When does a moniker cross the line from something your buddies call you to something official enough to go in quote marks between your first and last names in the Daily News?

So you’re perusing a newspaper story about Joseph “Skinny Joey” Merlino, and you wonder: When does a moniker cross the line from something your buddies call you to something official enough to go in quote marks between your first and last names in the Daily News? The logical guy to ask was DN crime reporter David Gambacorta, who once began a piece on a biker gang this way: “William Lees and his buddies — Death Row, Santa Claus, the Boss, Panhead, Cricket and Stone Cold — they had a hell of a thing going.”

Sometimes, Gambacorta explains, nicknames are bestowed by friends, and police and newspapers repeat them because it’s “the only name people know.” In other cases, authorities generate a nickname themselves: “The FBI puts it right on the WANTED poster.

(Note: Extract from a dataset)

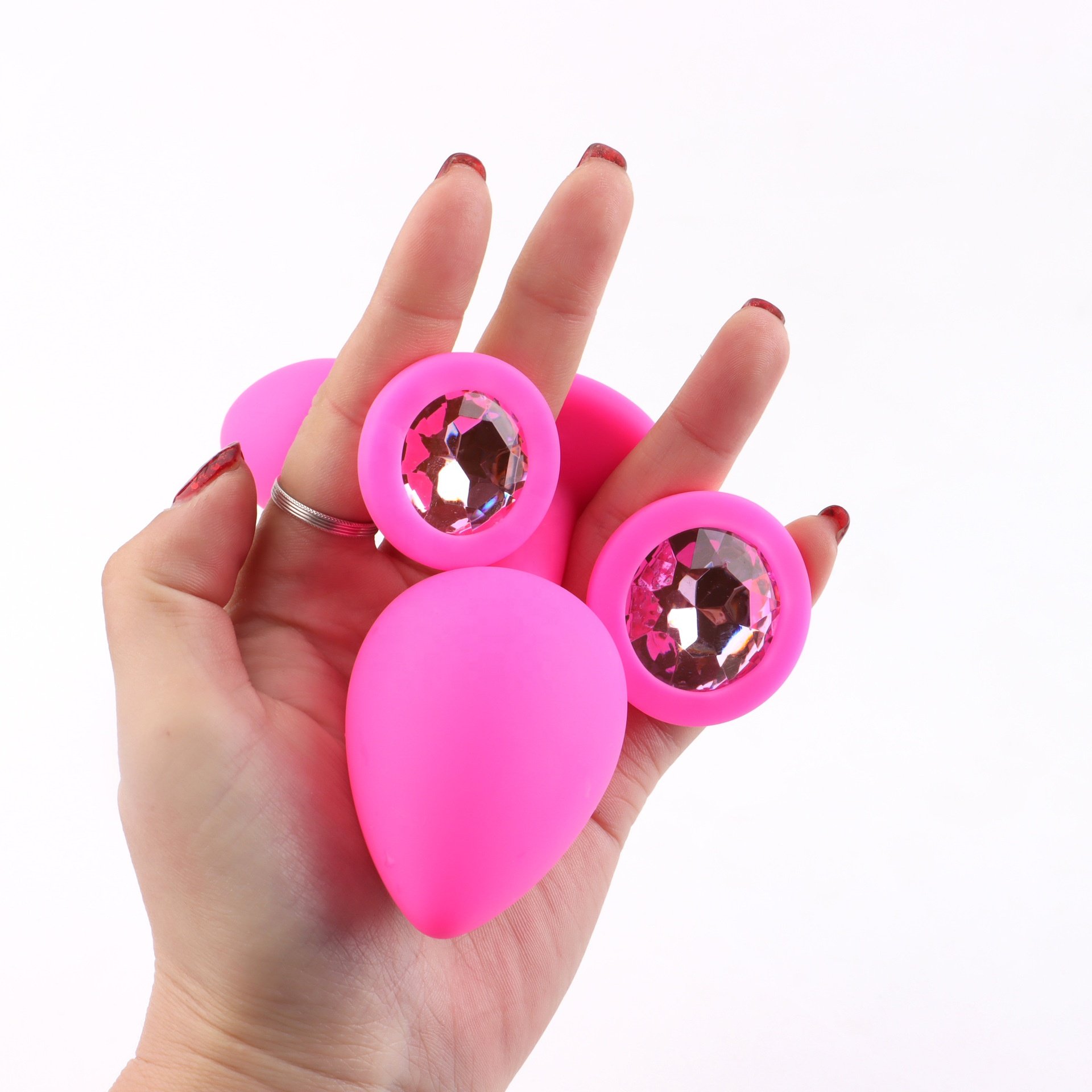 silicone vestibule heart shape anal plug sex toy for men and women saxy toys men anal plug jewel but plug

They want to fix it in our minds, so they’ll make up the ‘Chip-Tooth Bandit.’” Such dubbings run a risk, though: When dastards go by nicknames, “People root for them a little,” says Gambacorta. “They become almost like family, like that uncle with the weird striped ties.” Nicknames can also lend glamour to mundane evildoing. Jocelyn Kirsch and Edward Anderton were petty scamsters, but they had an aura of romance thanks to their DN anointing as “Philly’s Own Bonnie and Clyde.”

Gambacorta is currently reading a book on John Dillinger. “Everybody had a nickname in those days,” he notes wistfully, before perking up: “I actually have a clipping about this one guy hanging here at my desk, between pictures of my kids. His nickname was ‘Pooh-Butt.’” He pauses. “You sort of hope it was something that happened in his childhood.”